Ишимбайский горвоенкомат в 1946 и 1947 годах составлял данные о тех, на кого не пришли «похоронки». Галиулла Тукаев в них значился дважды: в первом списке он считался пропавшим без вести в январе, во втором – в июне 1942 года. И таких, как он, оказалось около 300 человек. К 70-летию Великой Победы их имена были выбиты на стелах в ишимбайском парке Победы, но родственники до сих пор не знают, где воевали и пропали их родные.
«Этот месяц был страшен, было все на кону…»
Мои поиски Тукаева также ничего не дали, но я нашла интересную информацию о 361-й стрелковой дивизии, которая была сформирована в сентябре 1941 года из жителей Башкирии. А 26 декабря ее бойцы приняли первое сражение. Спустя полгода дивизия попала в окружение, из которого благодаря своему командиру, полковнику, а после июля 1942 года – генерал-майору Денису Васильевичу Михайлову ей удалось выйти, но с большими потерями.

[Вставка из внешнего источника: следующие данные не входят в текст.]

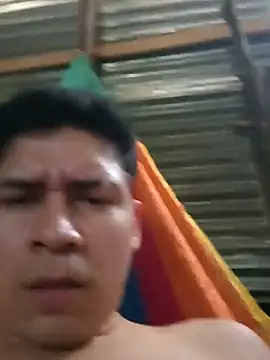 Snapshot of Travieso_loco9 chatting on 04.17.26 Travieso loco9 online show from 04.17.26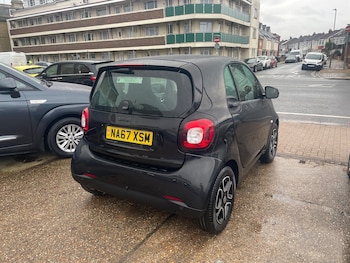 Used smart fortwo 2017 for sale - 76711954: Photo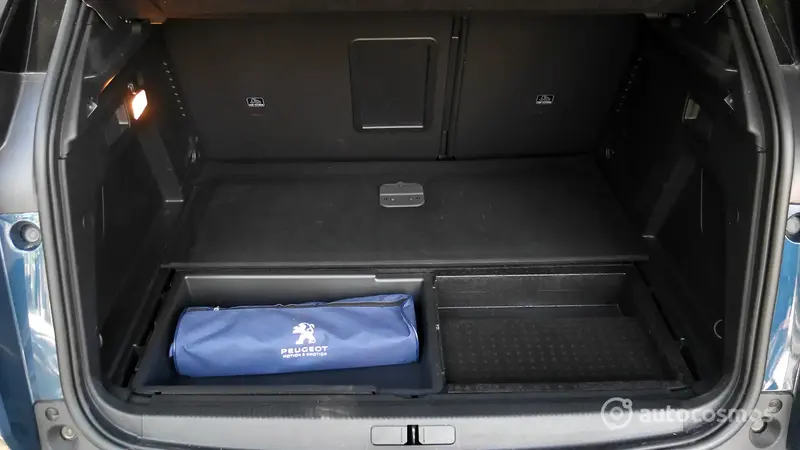 Test Peugeot 3008 Hybrid4
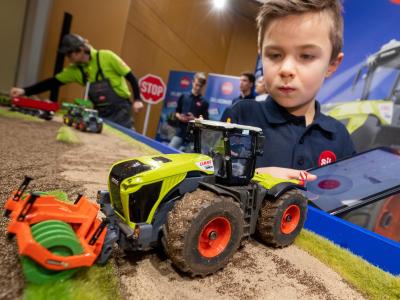 Hochmodern: Dieser Spielzeug-Traktor lässt sich via App und Bluetooth ferngesteuern. Spielwaren-Trends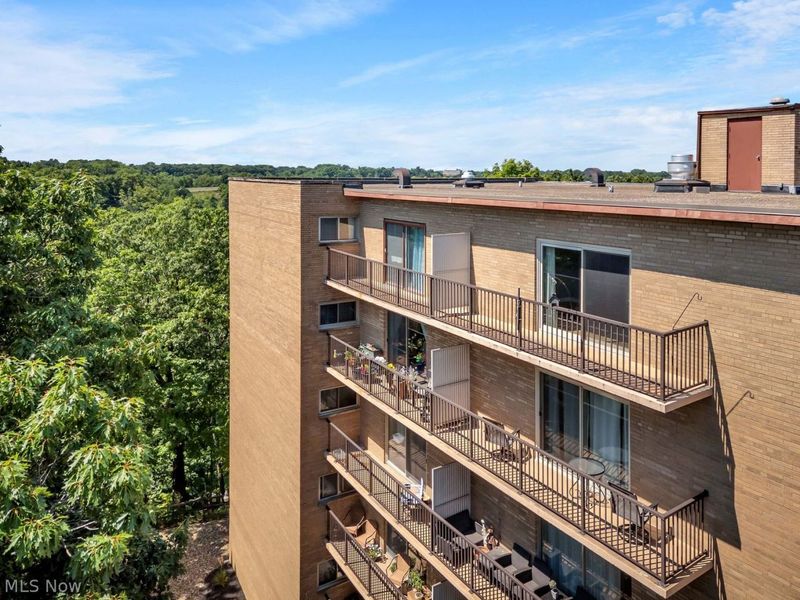 18501 Hilliard Boulevard, Unit 609, Rocky River, OH 44116 Photo 26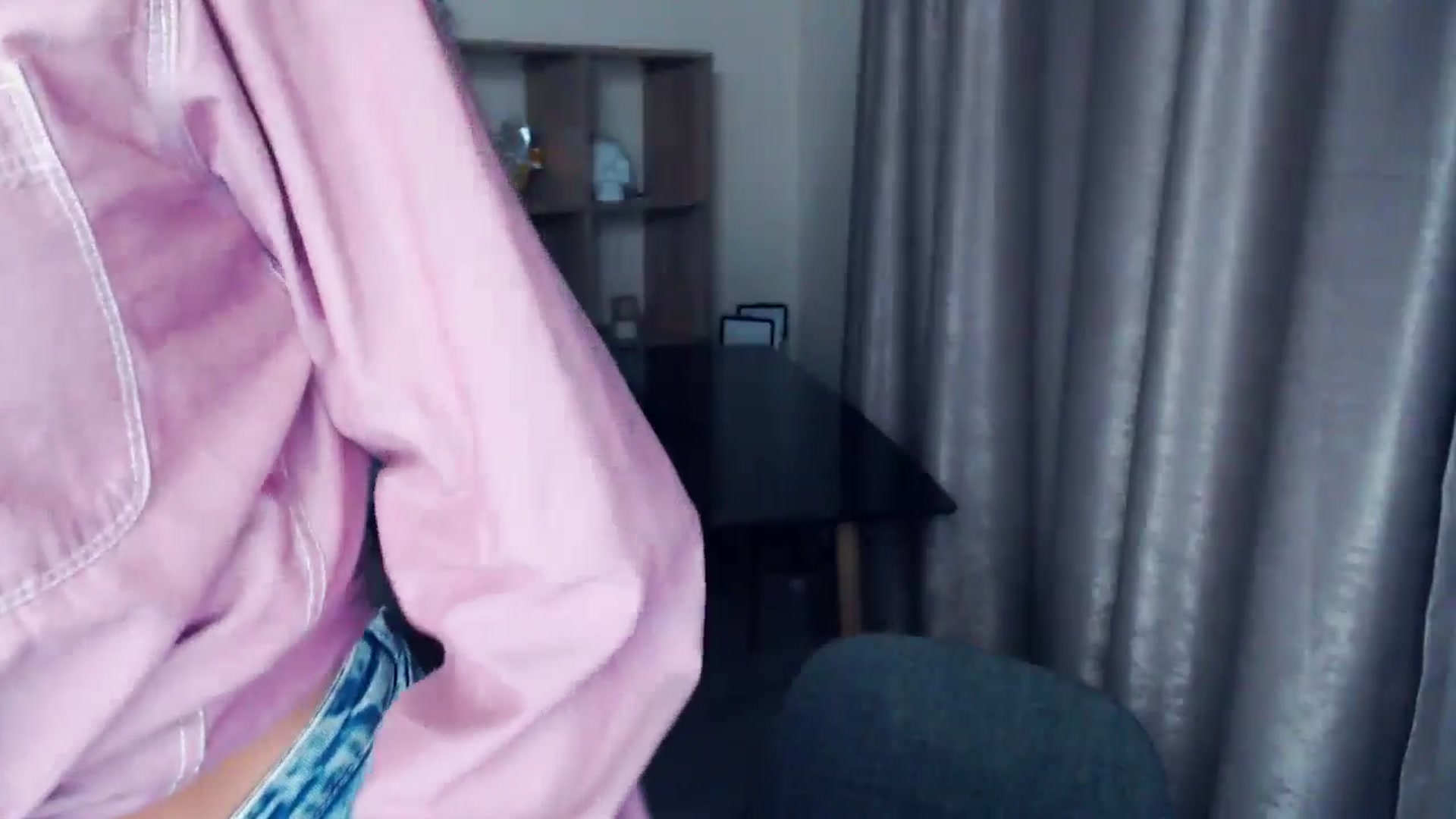 Gallery image thumbnail from Kukla_kolduna's myfreecams stream on, 11/08/2024, 18:42 image 11 of 20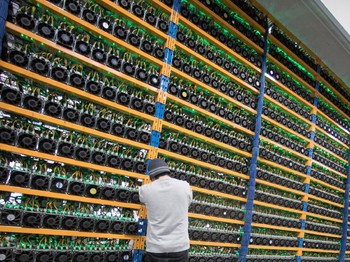 Gokil, Konsumsi Listrik Buat Nambang Bitcoin Gede Banget!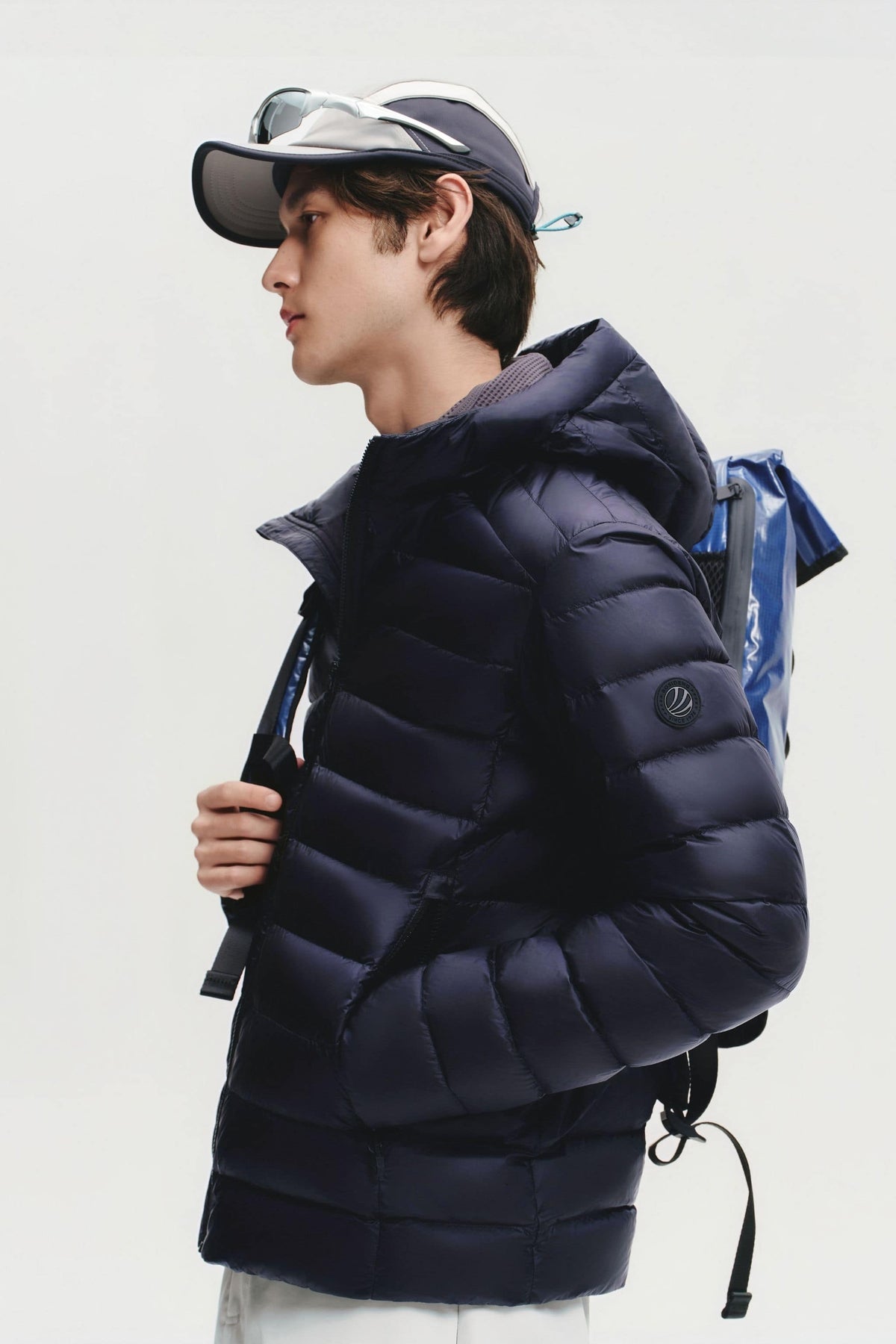 Mens Water-Repellent Goose Down Jacket W/ Hood 037M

Если посмотреть на карту, то Ржев, Сычевка и Белый образуют треугольник, в нем и разворачивалась трагическая судьба 361-й дивизии. 27 декабря 1941 года ее бойцы в составе 39-й армии Калининского фронта, прошагав пешком по глубокому снегу в тридцатиградусный мороз 40 км от Торжка, овладели Елизаветино. А уже 7 января, пройдя с боями более 110 км, они заняли Чертолино – железнодорожную станцию западнее Ржева, освободив по пути ряд населенных пунктов и захватив трофеи.
Воспоминаний участников этих сражений я не нашла, но есть письменные свидетельства бойцов 355-й стрелковой дивизии, воевавших по соседству. Один из них, красноармеец Глушков, вспоминал: «25 декабря полки, получив оружие, вышли на передний край обороны. С рассветом 26 декабря начали наступление, которое в первый день потерпело неудачу...
Почему? Наша артиллерия отстала, и решили брать деревню так, на «ура», – начальники, видимо, были решительные. А немец тоже не дурак, допустил нас до сотни метров и ударил из пулеметов и минометов – тут все мы и полегли. Пока лежишь – ничего, стоит пошевелиться – начинают по тебе стрелять. Одеты мы были плохо, многие обморозились. Их вытаскивали в потемках. Винтовки наши не стреляли – они были новенькие, густо смазаны – замерзли. К исходу второго дня уже при поддержке артиллерии мы все-таки подобрались к деревне».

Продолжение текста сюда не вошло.